Black Hat SEO Explained

Black hat SEO will get you banned from Google.

When it comes to SEO practices, you want to be as ethical as possible. You also want to rank as high as you can. Sometimes referred to as “search engine spamming”, black hat SEO techniques attempt to exploit the search engine rankings with keyword stuffing, illegal link building, and spam.

Although there is no concrete definition for “black hat SEO”, it is generally understood to be anything that would be considered an unethical practice of SEO. Funny thing is, ethics can be subjective, making black hat subjective. This results in the thought that there are varying shades of “hats” that exist. It is important to always use ethical practices.

Search engines differ in their standards for what are acceptable SEO practices. Some base it on how your practices impact others, with an anything goes clearance on your own site. Others insist that your content be beneficial to the viewer, both on and off site. Others suggest that anything causing your SERP ranking to be “unnaturally” high a no no.

Generally used as a short run solution, common “black hat techniques” include, keyword stuffing, invisible texting, link farms and improper use of doorway pages. They’re considered to be short run use because, once you’re caught, you can be penalized by a search engine or even banned.
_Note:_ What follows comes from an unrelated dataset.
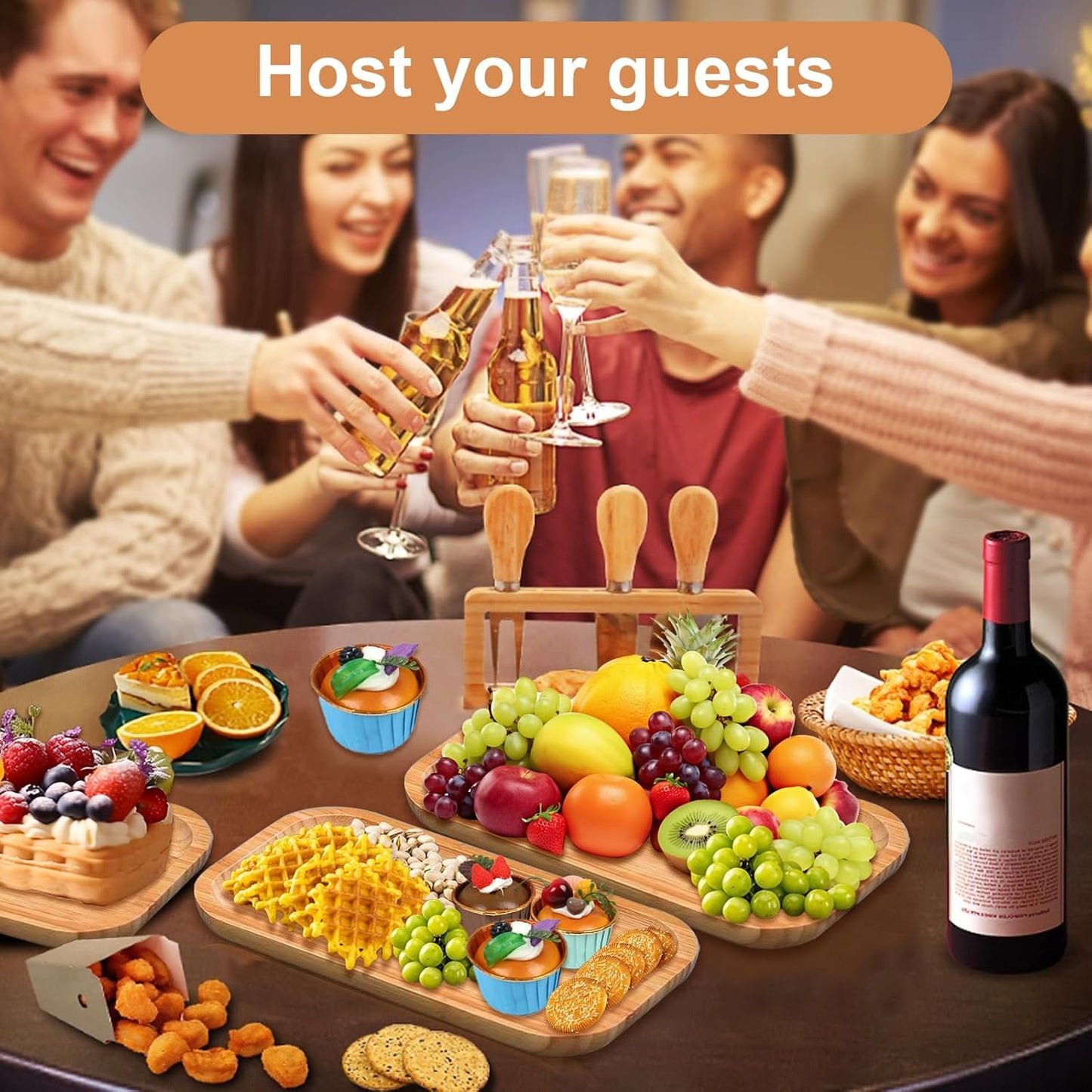 2 Pack Bamboo Trays Cheese Plate,10 Inch Rectangular Food Serving Saucer Wood Platte for Serving Food for Charcuterie Tea Coffee Snack Bread Fruit Appetizer Plant Pot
Black hat techniques seem tempting, but watch out. Black hat is the gateway drug to SEO’s dark underworld. I’m sure Vader felt like he was trying to get ahead, but once you get the ball rolling with the dark side, pretty soon you’re breathing heavy and chopping off people’s hands.

Are there commonly used techniques that may fall under black hat’s dark shadow and shouldn’t? Perhaps a technique has a bad rep and you want to advocate it. Please confess with feedback on these or other black hat SEO thoughts.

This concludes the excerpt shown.